What strikes me is not the insult to the humanities. It is the quiet redefinition of human activity itself. If intelligence becomes merely calculative efficiency, then of course machines will surpass us, and only those who repair them or resemble them will “succeed.” In such a world, thought is reduced to brain function and action to fabrication, and both are swallowed by the life process of production and survival @Under the reign of the life process, contemplation becomes meaningless, thought is reduced to calculative brain-function outperformed by machines, and action is recast as fabrication which itself is downgraded to a form of laboring..

The real question is not which type of worker triumphs, but whether we are allowing technology to determine what counts as meaningful activity at all. Tools once helped us build a world; now we risk building systems that no longer serve the world but rule it @It is misguided to assess machines solely by the service or disservice they render to humans; tools were invented to erect a world, and the crucial question is whether machines still serve world and things or whether their automatic processes now rule and destroy them..

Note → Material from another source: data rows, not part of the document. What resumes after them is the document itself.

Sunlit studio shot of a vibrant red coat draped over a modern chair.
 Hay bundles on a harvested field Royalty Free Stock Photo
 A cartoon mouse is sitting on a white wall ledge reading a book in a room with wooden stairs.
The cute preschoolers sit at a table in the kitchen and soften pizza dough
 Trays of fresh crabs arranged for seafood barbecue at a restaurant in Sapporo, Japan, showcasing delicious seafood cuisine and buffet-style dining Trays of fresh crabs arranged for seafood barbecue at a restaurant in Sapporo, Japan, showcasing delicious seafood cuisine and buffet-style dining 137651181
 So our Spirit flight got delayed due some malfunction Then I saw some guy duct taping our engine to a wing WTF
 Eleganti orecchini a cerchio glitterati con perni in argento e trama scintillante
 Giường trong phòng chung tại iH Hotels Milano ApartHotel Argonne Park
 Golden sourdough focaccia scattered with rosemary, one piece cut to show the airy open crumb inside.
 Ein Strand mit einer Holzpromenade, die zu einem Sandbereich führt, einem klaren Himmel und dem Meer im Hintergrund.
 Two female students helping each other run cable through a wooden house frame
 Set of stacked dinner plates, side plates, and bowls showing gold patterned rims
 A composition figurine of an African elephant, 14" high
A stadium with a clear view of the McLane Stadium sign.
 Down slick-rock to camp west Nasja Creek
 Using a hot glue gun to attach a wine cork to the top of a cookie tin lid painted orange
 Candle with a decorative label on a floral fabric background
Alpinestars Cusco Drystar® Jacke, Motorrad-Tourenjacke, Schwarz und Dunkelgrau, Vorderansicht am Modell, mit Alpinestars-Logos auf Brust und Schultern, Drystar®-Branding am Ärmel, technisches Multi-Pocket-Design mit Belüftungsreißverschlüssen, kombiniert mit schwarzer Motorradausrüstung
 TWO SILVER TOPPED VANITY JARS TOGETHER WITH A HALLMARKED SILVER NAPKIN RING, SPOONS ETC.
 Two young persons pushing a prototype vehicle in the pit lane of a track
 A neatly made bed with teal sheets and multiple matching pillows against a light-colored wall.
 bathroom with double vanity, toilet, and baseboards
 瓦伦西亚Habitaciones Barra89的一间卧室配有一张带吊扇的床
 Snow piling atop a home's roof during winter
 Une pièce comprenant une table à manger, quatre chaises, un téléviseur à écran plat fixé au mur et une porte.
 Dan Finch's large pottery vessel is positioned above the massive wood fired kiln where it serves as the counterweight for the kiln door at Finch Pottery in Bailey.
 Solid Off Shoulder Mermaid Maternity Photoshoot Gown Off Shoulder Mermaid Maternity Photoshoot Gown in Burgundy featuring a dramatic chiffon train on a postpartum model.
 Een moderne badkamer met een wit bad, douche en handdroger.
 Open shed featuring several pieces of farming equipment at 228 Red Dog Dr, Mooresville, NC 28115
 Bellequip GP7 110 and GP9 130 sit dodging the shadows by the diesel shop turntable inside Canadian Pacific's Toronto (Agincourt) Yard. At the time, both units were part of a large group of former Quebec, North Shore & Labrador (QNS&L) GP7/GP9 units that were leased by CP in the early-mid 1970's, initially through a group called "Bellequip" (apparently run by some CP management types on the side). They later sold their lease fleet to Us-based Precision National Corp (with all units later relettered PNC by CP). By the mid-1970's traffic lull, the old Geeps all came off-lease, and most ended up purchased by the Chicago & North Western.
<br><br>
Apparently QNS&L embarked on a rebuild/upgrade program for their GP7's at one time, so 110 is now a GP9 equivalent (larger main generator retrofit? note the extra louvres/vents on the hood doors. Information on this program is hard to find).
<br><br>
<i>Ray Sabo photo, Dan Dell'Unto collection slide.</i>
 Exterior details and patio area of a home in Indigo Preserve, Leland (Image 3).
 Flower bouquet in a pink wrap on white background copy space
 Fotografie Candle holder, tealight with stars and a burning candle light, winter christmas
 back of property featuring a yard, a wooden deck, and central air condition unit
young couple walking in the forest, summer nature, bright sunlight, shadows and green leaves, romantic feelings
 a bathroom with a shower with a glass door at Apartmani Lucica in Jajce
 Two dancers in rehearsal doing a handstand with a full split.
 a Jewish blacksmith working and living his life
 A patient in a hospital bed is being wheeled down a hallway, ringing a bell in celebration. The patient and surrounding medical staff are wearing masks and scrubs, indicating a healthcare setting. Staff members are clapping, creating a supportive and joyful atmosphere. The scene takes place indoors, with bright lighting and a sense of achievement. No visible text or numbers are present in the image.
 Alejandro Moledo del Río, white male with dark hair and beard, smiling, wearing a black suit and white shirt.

Politics begins when we ask: what kind of common world do we wish to preserve?

Max Weber

I find these prophecies sociologically naïve. To say that only trade workers or the “neurodivergent” will succeed presumes that the labour market is governed by aptitude alone. It is not. What matters is one’s class position, that is, one’s typical chances for income, standing, and life chances within a given economic order @A person's 'class position' is defined by their typical chances for provision with goods, outer social standing, and inner personal fate that derive from the extent and type of their control over goods, education, and skills and how these can be valorised for income within a given economic order; a 'class' is the group of people sharing the same class position..

AI will not abolish stratification. It will reorganise it. The decisive question is who controls the capital, the data, the administrative apparatus, and the credentials that allow one’s skills to be valorised.

Moreover, advanced AI does not diminish bureaucracy. On the contrary, modern capitalism has historically required ever more calculable administration, and any rationalised AI system will intensify this need @Modern capitalism has historically created, and now primarily sustains, the need for constant, firm, intensive, and calculable administration, making bureaucracy the fateful and largely inescapable nucleus of all large-scale mass organisations, including any rational socialist system; only small-scale enterprises can significantly evade it, while capitalism and bureaucracy mutually reinforce each other..

The issue is not humanities versus trades. It is who commands the apparatus and who becomes its functionary.